Technology, and the distractions that go along with it, is practically an addiction and is ever present in our lives today – entirely necessary, or a necessary evi – depending how you look at it. Many of us crave trading in technology, at least once in a while, for a chance to get back to nature. In fact, taking a train to the middle of nowhere for some serious stargazing, might just be what the doctor ordered.
How does it sound if I told you there’s a train to the middle of nowhere, where once at the remote destination, you can lose yourself under a cathedral of stars? Well in Nevada, a train has been recently constructed for this very purpose. Why not get away from the glowing lights and superficial luster of Las Vegas for something a little more timeless. Get to where few ever travel to for phenomenal stargazing to your heart’s content.

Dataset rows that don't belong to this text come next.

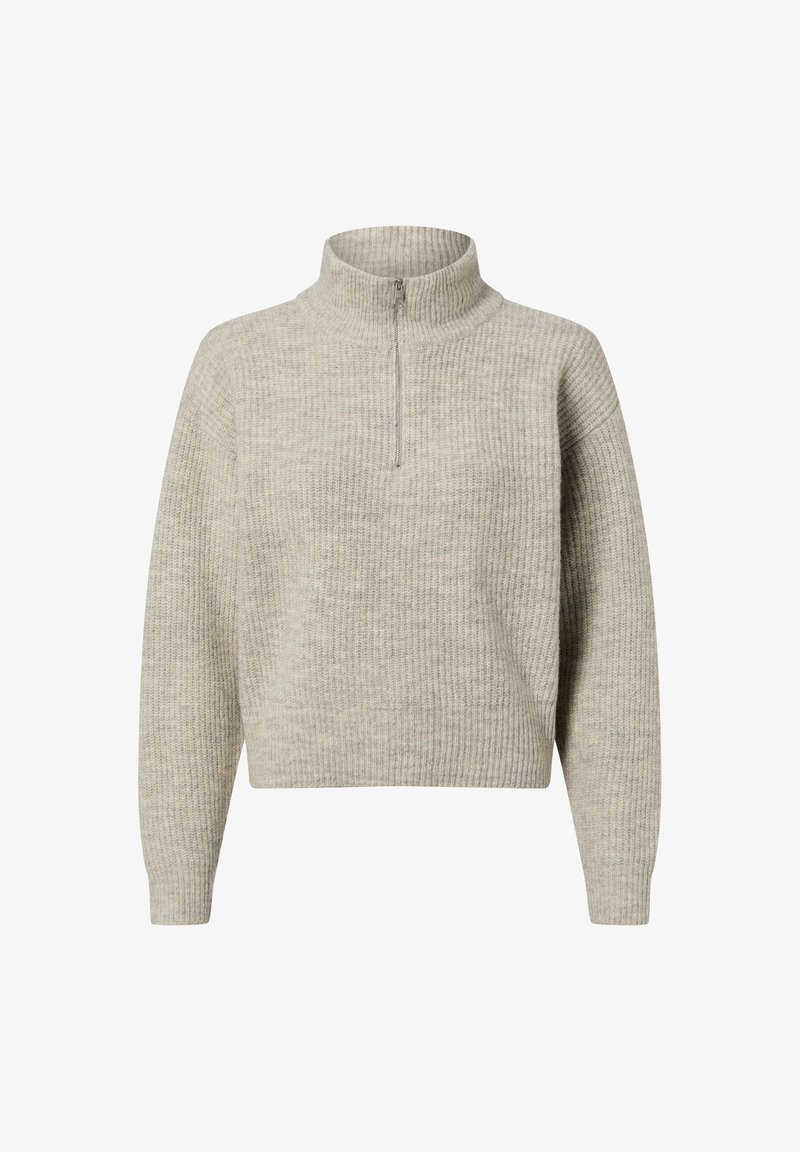 Pull-over quarter zip gris clair avec texture côtelée, manches longues et col montant. Présente un design simple et discret.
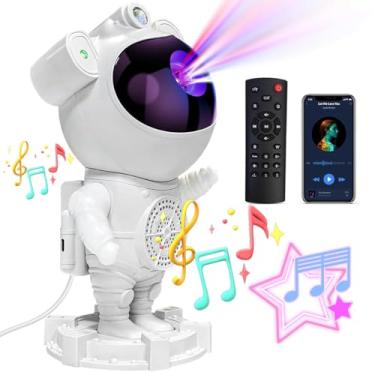 Imagem de Projetor de Luz Astronauta Bluetooth Luminária Nebulosa com Efeitos de Estrelas Galáxia e Lua Controle Remoto Presente para Quarto e Decoração Sala ou Eventos Luminaria Lua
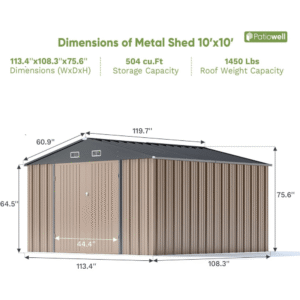 VEIKOUS 10 ft. × 10 ft. Outdoor Metal Storage Shed in Gray - Image 6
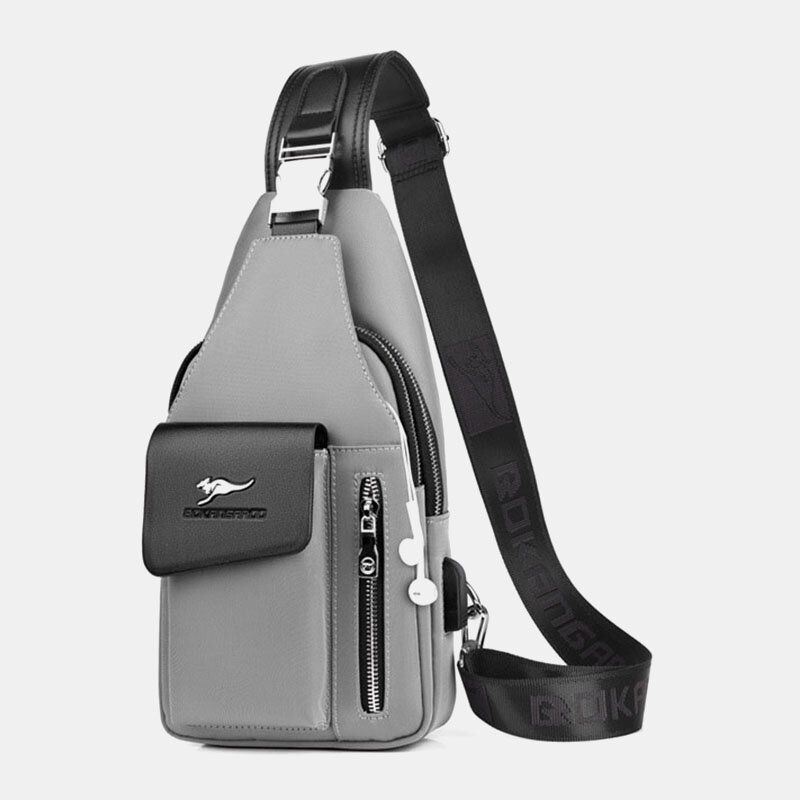 Męska Torba Na Klatkę Piersiową Oxford Usb Do Ładowania Z Otworem Na Słuchawki Wielofunkcyjna Torba Z Wieloma Kieszeniami Wodoodporna Torba Na Ramię Crossbody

Ely, Nevada is a town that lies four hours north of Las Vegas and with a small population just under 4,000 inhabitants. It is here that travelers can climb aboard the Nevada Railway Museum’s, Great Basin Star Train, a vintage diesel locomotive for a sunset-scheduled departure into the great unknown.
The “train to nowhere” chugs along through sandy desert and over grassy valley floors towards Great Basin National Park in Eastern Nevada (near the Utah border). The park was established back in 1986 and boasts some of the darkest skies in the country. Bask in the glorious dark and gaze up agog at the Milky Way arching like a starry rainbow overhead.
Dark Rangers (the National Park Service’s working rangers in dark parks) will greet you upon the train’s arrival. Over the next two hours, you’ll have the opportunity to look through the specialized, high-powered telescopes that have been set up for you to observe the night sky in an up-close and detailed way.
Clear and moonless nights are the best. You’ll be able to witness thousands of stars spread across the entire solar system, along with plenty of meteorites and satellites darting across the night sky. It’s a combination of low humidity and high elevation that makes this place special and keeps the air crisp to the eyes.
Visitors will be guided through the different constellations and planets visible in the night sky that correspond to the time of year. After the educational and refreshing experience, the train returns to the city of Ely where ticket-holders have the option of spending the night at the station’s bunkhouse. There’s even the option of overnighting in a working caboose.
Few places in the United States afford such a clear view of the night sky due to sever light pollution from densely-populated areas. There are, however, a few places that continue to exist for a pristine nighttime experience. Pennsylvania’s Cherry Springs State Park is one such example, with surprisingly some of the darkest skies in the world.
You can check with the International Dark-Sky Association (IDSA) to see which of America’s parks have been designated as a dark park. A few recent additions to the IDSA list include California’s Joshua Tree National Park, Arizona’s Grand Canyon National Park, and Colorado’s Great Sand Dunes National Park and Preserve.
The Great Basin Star Train in Nevada runs May through September on select Fridays. Unfortunately, in so far as we have checked, the 2019 season is sold out. Tickets for the 2020 season will go on sale this fall. If this interests you, then don’t delay as tickets sell our very quickly.